I do not know how many children there are like him in China, but I do know that some Africans have become a part of their adopted country, regardless of what the immigration laws say. Again, that way of looking at things has put paid to my earlier, simplistic notions of international immigration and Chinese society.

The sphere of those doing research on Chinese in Africa and on Africans in China is very much a transnational one. In it you can be dealing with Americans and Germans one day and Norwegians and South Africans the next. Most have traveled between China and Africa many times and have a lot of expertise in field research. They have encouraged and inspired me, sometimes in very specific ways such as questioning my methodology.

The site where I do my fieldwork is also my school, and there I am getting a top-flight international education. Those international scholars are my senior teachers, and few Chinese junior scholars are lucky enough to have the opportunity to draw on such rich resources.

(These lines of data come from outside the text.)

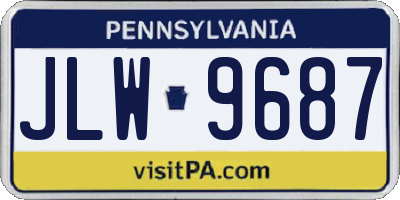 PA license plate JLW9687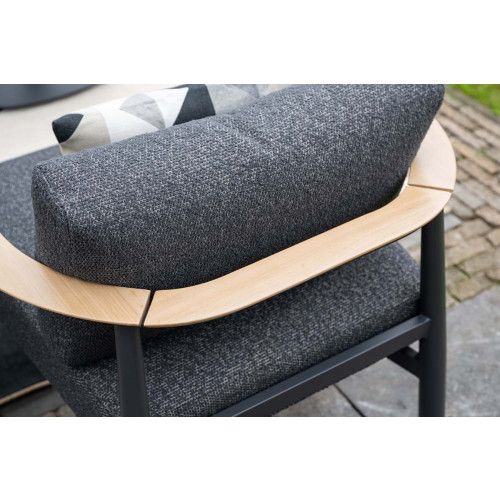 Montevideo lounge set - 5-pieces - carbon black - light  teak look -  merino black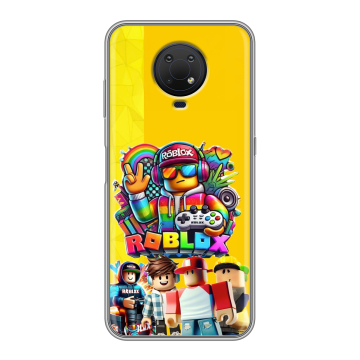 Силиконовый противоударный чехол на Nokia G10 с принтом Roblox Роблокс Силиконовый противоударный чехол на Nokia G10 с принтом Roblox Роблокс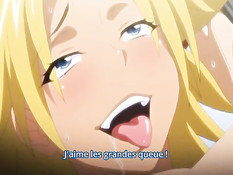 Ребята оттрахали в туалете хентай блондиночку с большой грудью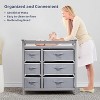 Wooden Diaper Changing Table, Modern Baby Changing Station Dresser with 6 Storage Drawers and Pad, for Baby Newborn Infant - 4 of 4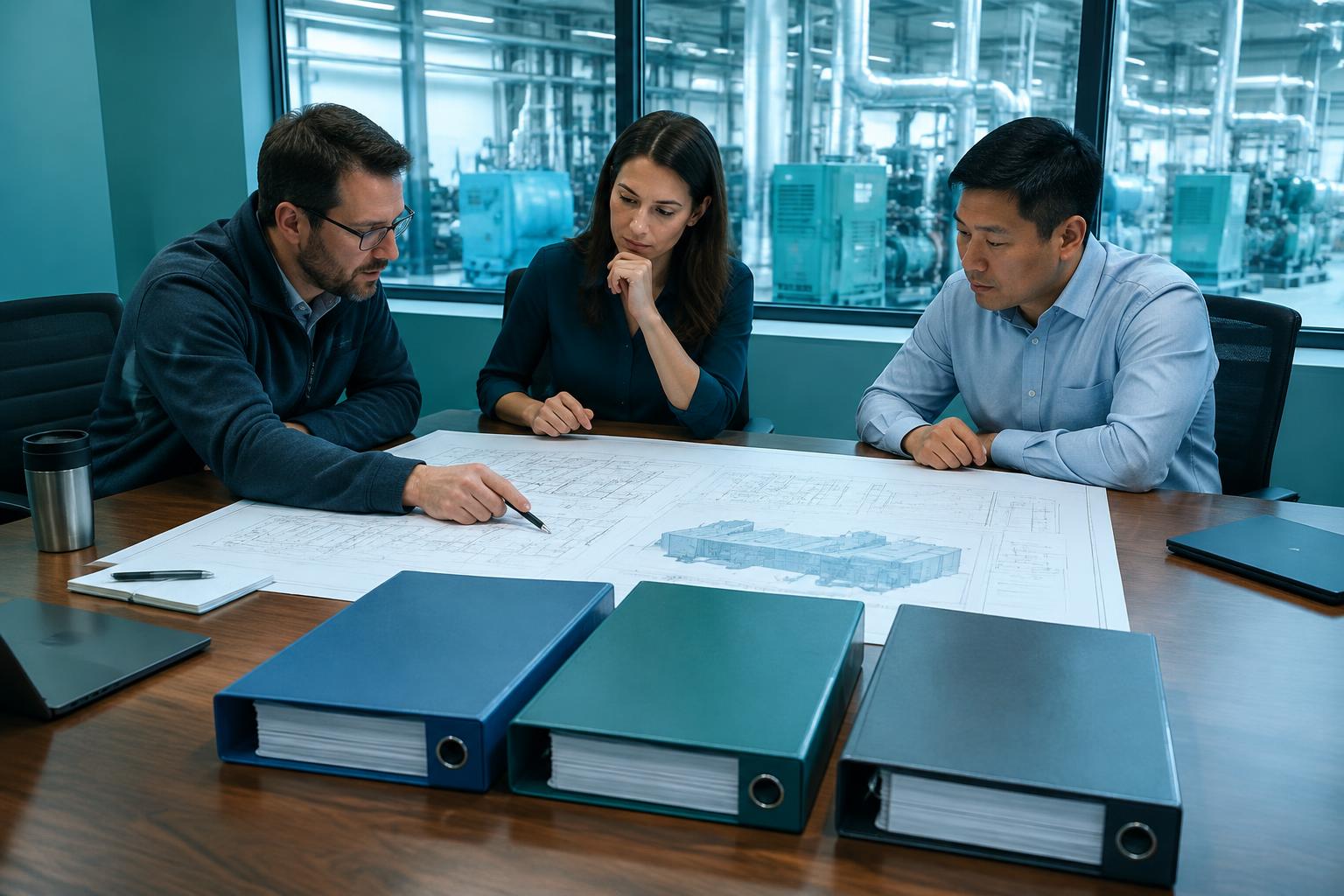 Procurement manager and engineer reviewing a cold-chain project brief and supplier proposals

I am also fortunate with other junior scholars to be able to attend the Chinese in Africa/Africans in China Conference, which provides a great chance to meet scholars from across the world engaged in fieldwork on China-Africa migration.

Since Chinese President Xi Jinping visited Africa about 15 months ago, more importance has been attached to economic relations and trade between China and the continent. That makes the Jinan University conference in December all the more pertinent. It will broaden academic insight and bring all of those in the field closer to the subject they are studying.

The author is a Chinese PhD student at the School of Sociology and Anthropology at Sun Yat-sen University, Guangzhou.